▶ **WHAT THE TASK REQUIRES**:
Your output should be the lines below from the one holding "Volvo S60 — миниатюра 7" through the one holding "Rent (Lancaster, CA)", transcribed exactly, with no pictures.

▶ **INFORMATION SHOWN**:

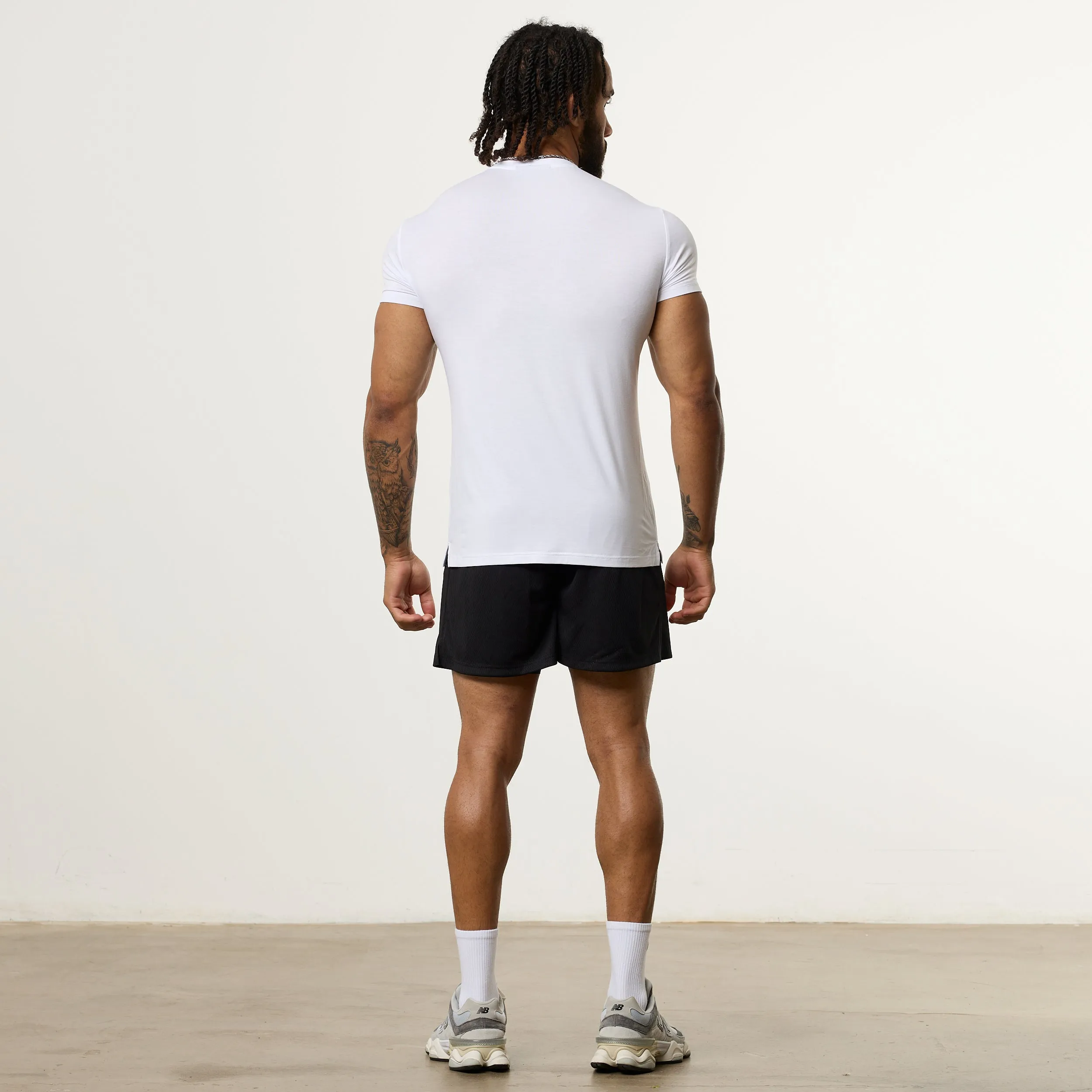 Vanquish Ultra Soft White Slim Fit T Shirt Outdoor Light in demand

==

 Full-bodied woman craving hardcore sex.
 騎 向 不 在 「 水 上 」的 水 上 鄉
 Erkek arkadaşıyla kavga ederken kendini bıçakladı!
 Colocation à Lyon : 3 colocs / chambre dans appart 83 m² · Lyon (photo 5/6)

--

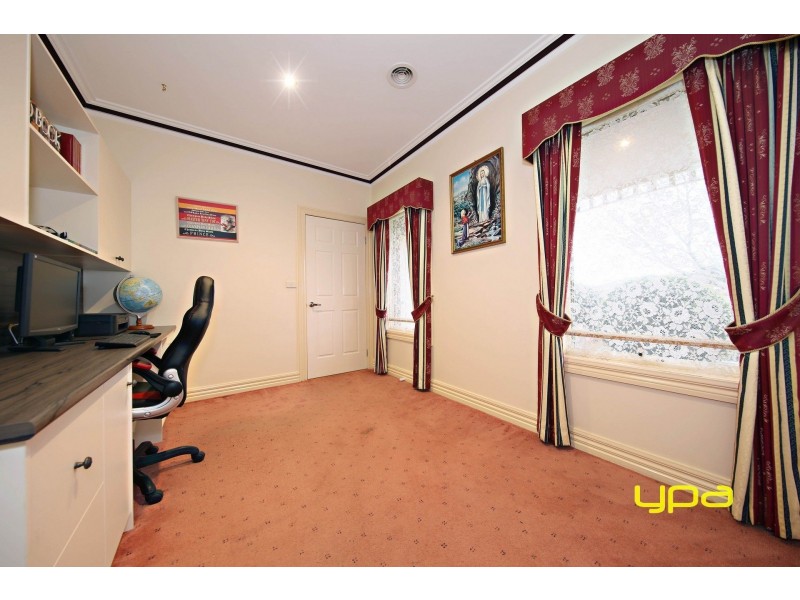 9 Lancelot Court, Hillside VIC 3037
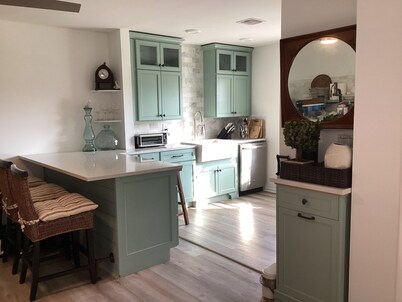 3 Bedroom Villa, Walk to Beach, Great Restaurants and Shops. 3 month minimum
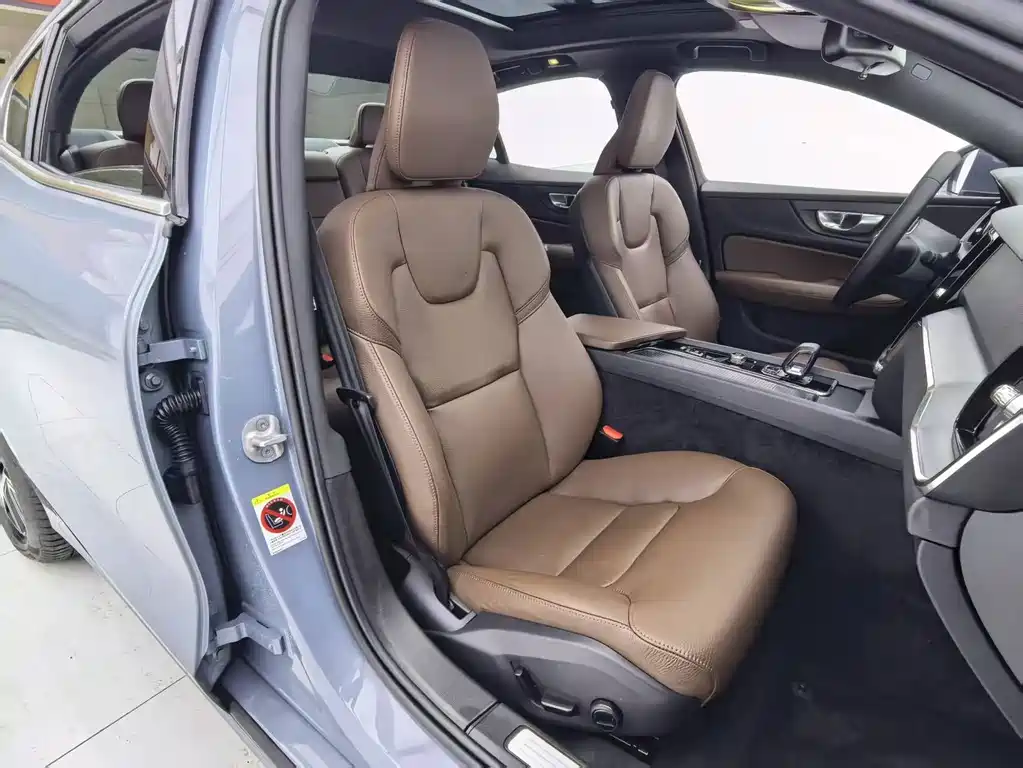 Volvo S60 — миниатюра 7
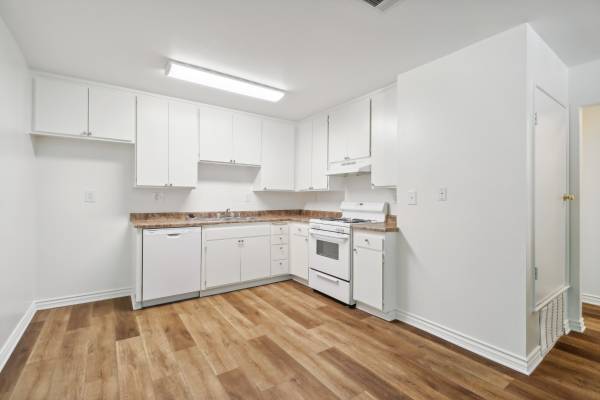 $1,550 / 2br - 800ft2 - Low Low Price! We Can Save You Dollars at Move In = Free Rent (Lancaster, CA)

▶ **EXPECTED OUTPUT**:
 Volvo S60 — миниатюра 7
 $1,550 / 2br - 800ft2 - Low Low Price! We Can Save You Dollars at Move In = Free Rent (Lancaster, CA)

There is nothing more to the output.